After finding the line that contains "Giginin Dostluk Bahçesi", give again that line and each one following it, exactly, until the records end.
* * *
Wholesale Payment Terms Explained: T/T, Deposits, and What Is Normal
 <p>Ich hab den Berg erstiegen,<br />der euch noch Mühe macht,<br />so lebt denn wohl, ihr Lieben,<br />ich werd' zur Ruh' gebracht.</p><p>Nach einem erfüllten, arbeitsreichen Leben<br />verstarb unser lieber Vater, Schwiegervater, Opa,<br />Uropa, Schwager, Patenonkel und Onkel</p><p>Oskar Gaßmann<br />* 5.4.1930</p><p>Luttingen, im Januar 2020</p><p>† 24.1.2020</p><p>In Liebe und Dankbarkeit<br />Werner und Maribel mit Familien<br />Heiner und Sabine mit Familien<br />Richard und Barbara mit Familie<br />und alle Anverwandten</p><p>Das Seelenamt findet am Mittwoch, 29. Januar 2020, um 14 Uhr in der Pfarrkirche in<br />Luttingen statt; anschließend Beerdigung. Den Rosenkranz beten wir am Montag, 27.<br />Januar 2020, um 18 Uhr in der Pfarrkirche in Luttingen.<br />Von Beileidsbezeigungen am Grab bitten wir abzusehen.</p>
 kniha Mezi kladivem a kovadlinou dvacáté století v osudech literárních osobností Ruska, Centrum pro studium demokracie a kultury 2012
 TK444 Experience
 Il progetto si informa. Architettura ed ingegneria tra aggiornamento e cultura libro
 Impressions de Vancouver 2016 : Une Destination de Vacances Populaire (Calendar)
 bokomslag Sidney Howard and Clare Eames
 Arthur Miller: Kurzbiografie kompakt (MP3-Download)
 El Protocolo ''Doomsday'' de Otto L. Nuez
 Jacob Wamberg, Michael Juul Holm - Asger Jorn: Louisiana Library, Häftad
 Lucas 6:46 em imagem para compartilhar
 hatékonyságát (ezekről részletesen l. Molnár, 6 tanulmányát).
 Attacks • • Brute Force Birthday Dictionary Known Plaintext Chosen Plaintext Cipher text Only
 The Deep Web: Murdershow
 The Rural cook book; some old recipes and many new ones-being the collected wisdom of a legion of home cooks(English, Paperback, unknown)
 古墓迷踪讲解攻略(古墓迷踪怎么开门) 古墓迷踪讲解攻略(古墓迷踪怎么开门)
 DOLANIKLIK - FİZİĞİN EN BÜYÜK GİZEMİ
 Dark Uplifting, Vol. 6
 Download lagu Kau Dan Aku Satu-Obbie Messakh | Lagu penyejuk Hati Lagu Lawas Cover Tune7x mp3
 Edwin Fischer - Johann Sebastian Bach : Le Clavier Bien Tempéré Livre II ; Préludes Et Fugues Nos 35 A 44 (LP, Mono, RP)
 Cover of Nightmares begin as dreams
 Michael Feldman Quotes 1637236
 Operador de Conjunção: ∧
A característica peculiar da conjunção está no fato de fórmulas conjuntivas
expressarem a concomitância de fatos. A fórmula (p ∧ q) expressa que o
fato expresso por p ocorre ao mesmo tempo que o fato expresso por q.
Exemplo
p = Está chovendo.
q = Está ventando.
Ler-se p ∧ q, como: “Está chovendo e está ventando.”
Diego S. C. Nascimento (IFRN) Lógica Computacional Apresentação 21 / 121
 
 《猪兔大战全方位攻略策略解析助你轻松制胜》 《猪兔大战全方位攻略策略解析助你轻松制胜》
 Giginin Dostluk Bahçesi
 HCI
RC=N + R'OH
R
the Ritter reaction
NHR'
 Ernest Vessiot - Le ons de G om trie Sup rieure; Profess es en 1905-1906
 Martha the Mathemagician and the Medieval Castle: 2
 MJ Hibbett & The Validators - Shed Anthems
* * *
• _Result for this task_
 Giginin Dostluk Bahçesi
 HCI
RC=N + R'OH
R
the Ritter reaction
NHR'
 Ernest Vessiot - Le ons de G om trie Sup rieure; Profess es en 1905-1906
 Martha the Mathemagician and the Medieval Castle: 2
 MJ Hibbett & The Validators - Shed Anthems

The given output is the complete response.